Grunertstrasse tunnel
The tunnel Grunert Street is located in the Essen district Frohnhausen . It is a passage under the main railway line and served as a camp for prisoners of war during World War II .
history
It is named after the neighboring Grunertstraße to the north, which was named on May 16, 1902 after the mathematician Johann August Grunert .
The tunnel under the Dortmund-Duisburg railway line , in the course of Grunertstrasse at the former open-air swimming pool West (opened in 1968, closed in 2000), is today marked with a plaque at the south entrance that reads:
"During the Second World War, this tunnel was the accommodation for 170 prisoners of war."
The prisoner of war camp north of the tunnel on the neighboring Nöggerathstrasse in Altendorfer area, occupied by 644 French prisoners of war, was destroyed on April 27, 1944 in an Allied air raid . Of the 315 surviving prisoners of war, 170 were quartered in the tunnel, the remainder being distributed to Krupp factories as forced laborers . Nowadays, visitors can get an idea of the conditions in the tunnel at that time through an inspection: darkness, cold and humidity. The conditions after the destruction of the camp were catastrophic: instead of living in barracks as before, people now lived in dog houses, urinals and old ovens. Five people had to sleep in a dog house one meter high and about three meters long. There was no water, blankets, tables or chairs anywhere. Medical care took place in the open air.
South of the tunnel, on what is now the Helmut Rahn sports facility on Raumerstrasse, there was also a prisoner of war camp for up to 1,500 Soviet prisoners of war . She too had to work as a forced laborer in Krupp factories and on the Overrathshof directly south of the tunnel. To separate the French prisoners of war south of the tunnel from the Soviet prisoners of war in the north, there was at times a wall in the tunnel.
At the end of 2009, there were plans to renovate the tunnel, which were presented to the citizens of neighboring districts in November of that year. They have not been realized.
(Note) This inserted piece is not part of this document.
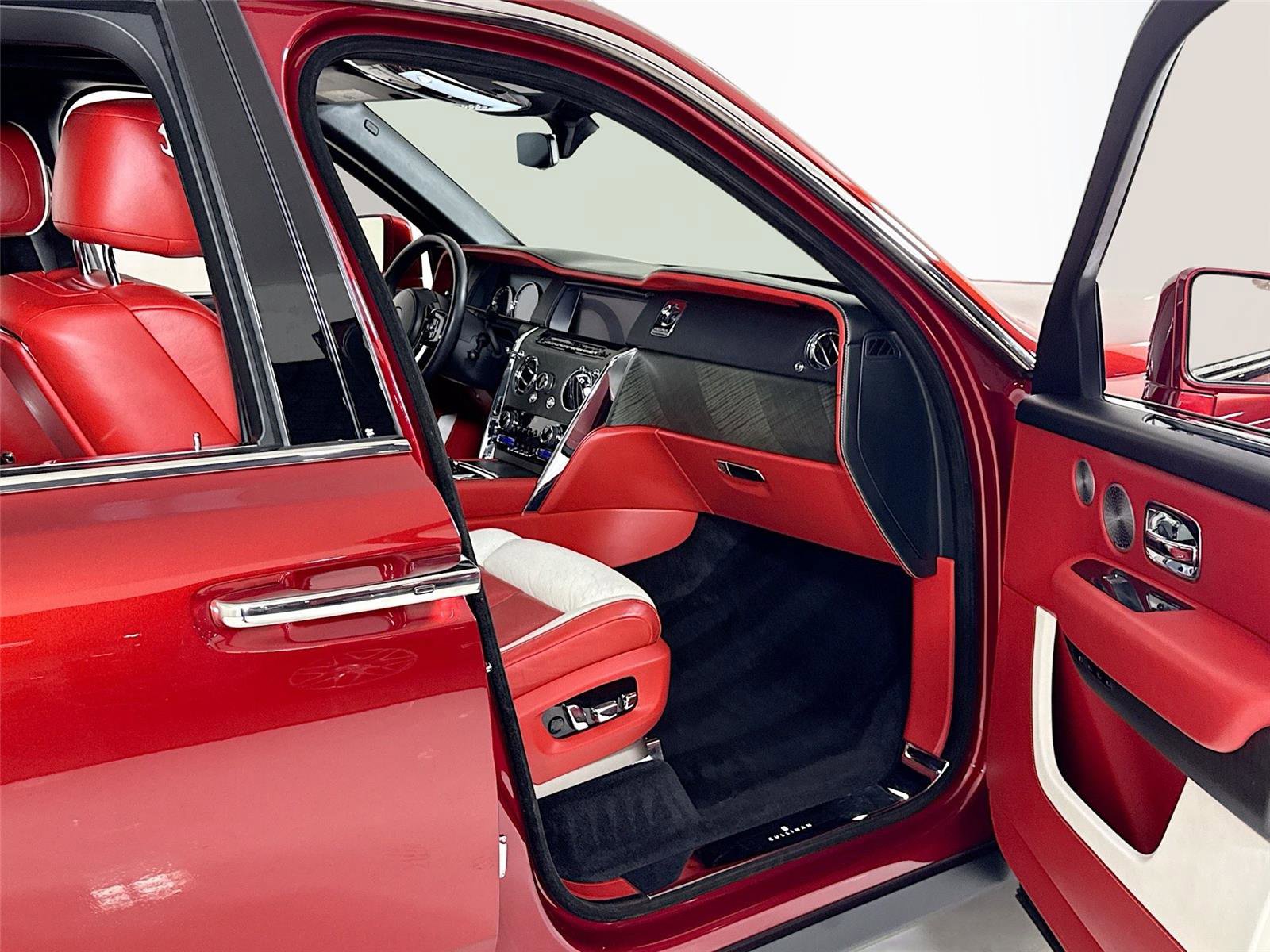 Used 2019 Rolls-Royce Cullinan image 37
In 2016 it was approved that the dilapidated tunnel, now known as the “Devil's Bridge”, could be painted by the graffiti artist Pascal Maßbaum. The work of art “Aqualand” was created within two months, consisting of various sea creatures over a length of 56 m with a radius of 3 m. The entrances and exits were designed by further art projects and lighting was installed.
Web links
- Description of this sight on the route of industrial culture
- Forced labor in Essen, booklet for the history competition for schoolchildren, 2001, edited by Klaus Wisotzky ( memento of December 29, 2009 in the Internet Archive ); accessed on January 15, 2014 (PDF file; 846 kB)
Individual evidence
- ^ Erwin Dickhoff: Essener streets . Ed .: City of Essen - Historical Association for City and Monastery of Essen. Klartext-Verlag, Essen 2015, ISBN 978-3-8375-1231-1 .
- ^ The Nuremberg Trial, Minutes of the Eighteenth Day, December 12, 1945. Zeno.org, accessed March 4, 2016 .
- ^ Frohnhauser history work group
- ↑ Stadtspiegel Essen, Westanzeiger from November 18, 2009
- ↑ Light not only at the end of the tunnel. NRZ, October 21, 2016, accessed June 4, 2020 .
- ↑ "FEAR room finally gone!" Stadtspiegel Essen, October 30, 2016, accessed on June 4, 2020 .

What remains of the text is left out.